Prospect360 will take reasonable steps to identify unauthorised use of the Prospect360 data, such as including seed records in the Prospect360 data it supplied. Where unauthorised use is identified the LICENSEE is liable for three times the original order value, payable immediately. The LICENSEE must ensure that the unauthorised usage is stopped without delay. Prospect360 reserves the right to seek legal action if it deems the breach serious or re-use/resell of Prospect360 data is established.
3.0 LIMITATION OF LIABILITY
Notwithstanding anything contained within this agreement except in respect of death or personal injury caused by Prospect360 negligence, Prospect360 will not be liable for any consequential, economic, or indirect loss of any profits, loss of revenue, loss of contracts or loss of anticipated savings arising in any way in connection with the supply or non-supply of the Prospect360 data. Any query or complaint relating to Prospect360 data quality must be made within 30 days of receipt of the data in writing. Prospect360 will investigate any complaint and will provide replacement one for one record of Prospect360 data or provide Prospect360 data record credit where it deems it appropriate.
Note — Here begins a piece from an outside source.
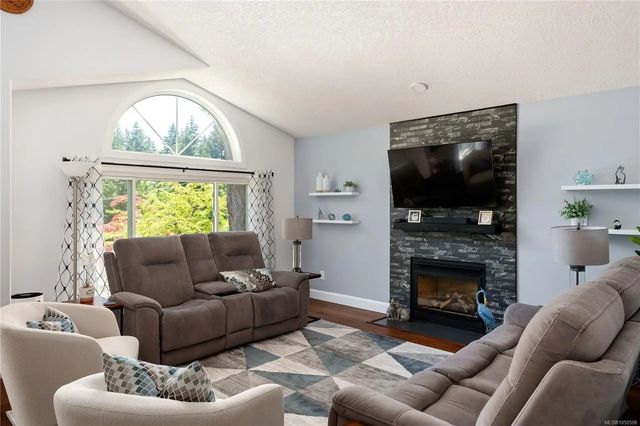 3 of 56 - 222 Ashley Pl, Langford, BC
The LICENSEE is responsible for ensuring that its use and application of the Prospect360 data complies with the Data Protection Act 1998 and with the Direct Marketing Association’s Code of Practice. The legal basis for processing the Prospect360 data under the GDPR is Legitimate Interest. As such Prospect360 data is not provided with consent and is not “Opted In”. In order to comply with Legitimate Interest Prospect360 has conducted a Legitimate Interest Assessment and established that, in its opinion, it is satisfied that:
- Prospect360 has a legitimate interest to process the data
- Prospect360 has passed a necessity test for the pursuit of its commercial and business objectives
- Prospect360 has passed a balancing test between its rights as a data processor and the data subjects rights to privacy
The LICENSEE agrees to carry out its own Legitimate Interest Assessment prior to processing the Prospect360 data and will only process the Information where it is satisfied that all conditions to ensure GDPR compliance have been met. Prospect360 is not responsible for any claim as a result of inappropriate use of the Prospect360 data, including “spamming”. Prospect360 will ensure that the Prospect360 data supplied is screened against the Corporate Telephone Preference Service register at the point of delivery.
Orders cannot be cancelled after the Prospect360 data list has been provided to the LICENSEE, regardless of whether the list has been used by the LICENSEE.
6.0 ENTIRE AGREEMENT
This agreement supersedes any previous agreement between the parties. Changes to this agreement are only valid if they are made in writing and signed by both parties.
This agreement is subject to governance and interpretation under English law. The parties agree that the English courts shall have jurisdiction for the determination of any dispute that arises.
8.0 ERRORS AND OMISSIONS EXCEPTED (E&OE)
Whilst all care has been taken in the preparation of this quotation, unintentional errors or omissions can sometimes occur. Prospect360 reserves the right in such circumstances to withdraw the quotation, or submit a revision.